# Define "crystal clear"



## jimbofish (Jan 5, 2010)

I've been in the reviews section, specifically power filters and see that people who have good experiences with a specific brand describe their water as "crystal clear".

In aquarium terms, what is "crystal clear"? Does that mean water with NO visible particulates at all, like spring water/bottled water?

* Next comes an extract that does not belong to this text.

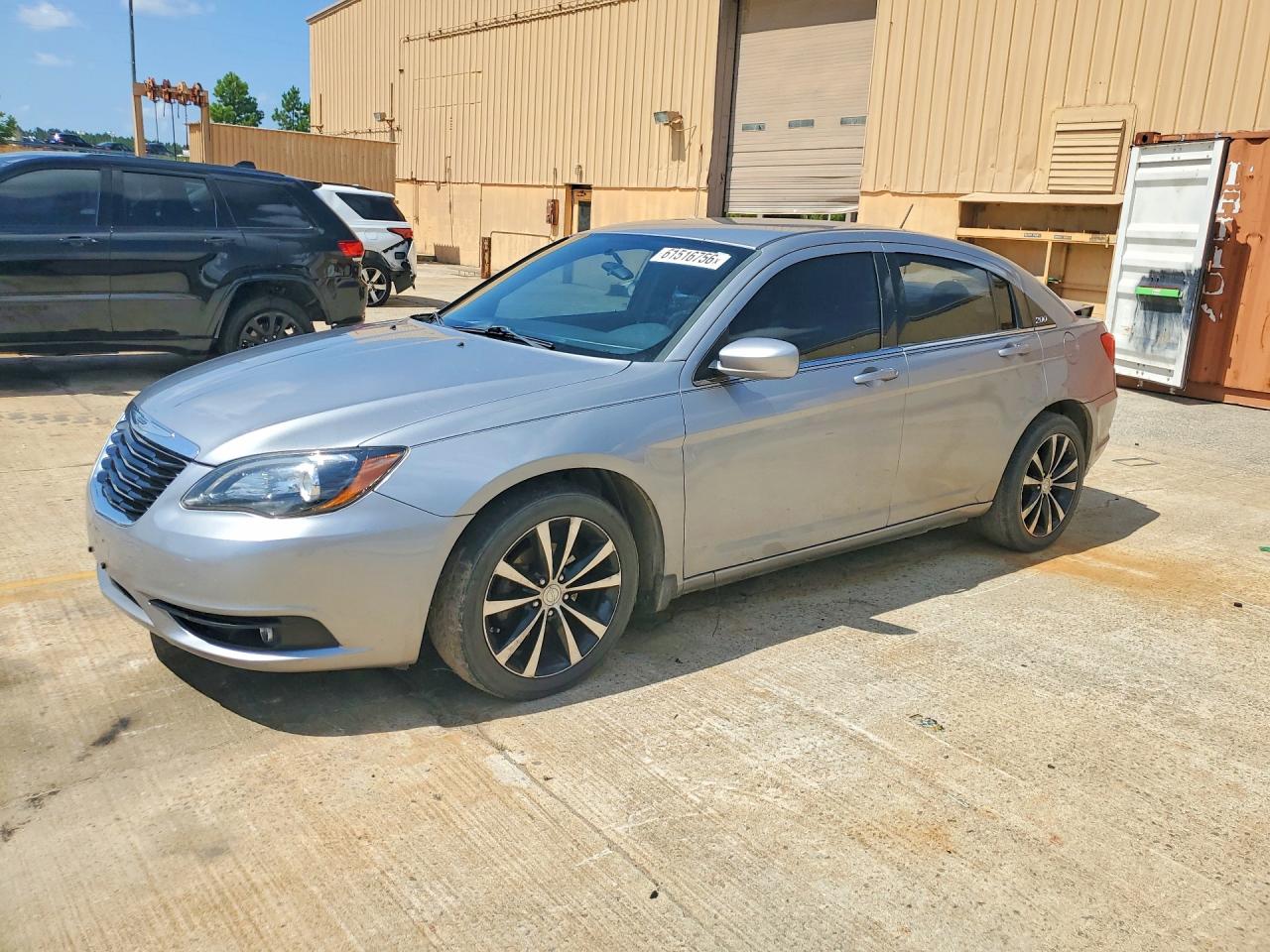 1C3CCBBB1DN541960 · 2013 CHRYSLER 200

I'm running a Rena X3 and an AC 70 in a 55 gallon, yet I still get some fine dust like particles in the water and the water looks clear. I also have a fine sand substrate.

Thanks,
Jim


----------



## Darkside (Feb 6, 2008)

You can "polish" your water with the addition of activated carbon, taking out the particulates. This is only short term and you'll have your particulates back in about 10 days.


----------



## jimbofish (Jan 5, 2010)

Thanks Darkside!

So, "crystal clear" water is really only a temporary thing?


----------



## Cento (Mar 30, 2005)

When it comes to "crystal clear" water, it isn't as much the brand or type of filter as it is the media they're using, as *Darkside* mentioned.

Using filter floss, cotton batting, and carbon are some ways to polish your water. There is also a type of media out there made by Seachem that called Purigen that's extremely effective in removing fine particles from the water.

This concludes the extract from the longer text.